Update: Lauren Collin’s list of must-eat restaurants in Dublin is here: www.foodandwine.com/blogs/2013/11/15/dublin-restaurants. You’ll have to pick up the dead tree version of the magazine to read the full article.
I associate roast potatoes with special occasions such as a holiday dinner or a leisurely Sunday lunch. They seem like a special treat, but are not that difficult to make. As promised in a previous post, I am sharing my secret to perfect roast potatoes. I should say secrets, because there are several elements needed to achieve potatoes with a crispy, golden exterior and a dry, floury middle. First,it is essential to use a floury potato — that is, a potato that is good for mashing or baking. Russet potatoes are a good choice. Next, the potatoes should be as dry as possible before roasting. Do not leave them soaking in water before cooking and do not parboil them before roasting. This has led to family arguments — but I think the potatoes hold their shape better and are crispier if they are not parboiled. The potatoes should be cut into evenly sized pieces and dried before being placed in the fat. The fat should be heated before adding the potatoes to the roasting dish. The entire surface of the potatoes should be coated with fat at the start of roasting so they brown and crisp evenly. Duck fat is available at butchers, specialty grocers or online. It imparts a rich flavor to the potatoes, but you can certainly use lard, shortening or vegetable oil in its place.

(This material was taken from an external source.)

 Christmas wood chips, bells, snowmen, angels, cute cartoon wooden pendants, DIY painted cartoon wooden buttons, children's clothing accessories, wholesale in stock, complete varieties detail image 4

The Secret to Perfect Duck Fat Roast Potatoes
- 4 russet or other floury potatoes
- 4 tbsps. duck fat (lard, shortening or vegetable oil can be substituted)
- Heat oven to 400 degrees Fahrenheit.
- Add duck fat to a roasting pan or dish. Place dish in the oven to heat the fat.
- Peel and wash the potatoes. Cut them into evenly sized pieces.
- Dry them thoroughly with a paper towel or clean dish (tea) towel.
- Remove dish with the heated fat from the oven. Add the potatoes to the dish and turn them over with a fork until each side of the potato is coated in fat. Return the dish to the oven.
- After 25 minutes turn the potatoes – the bottom of the potatoes should be golden brown – to brown the other side. Return to the oven for another 25 minutes or until the potatoes are golden brown.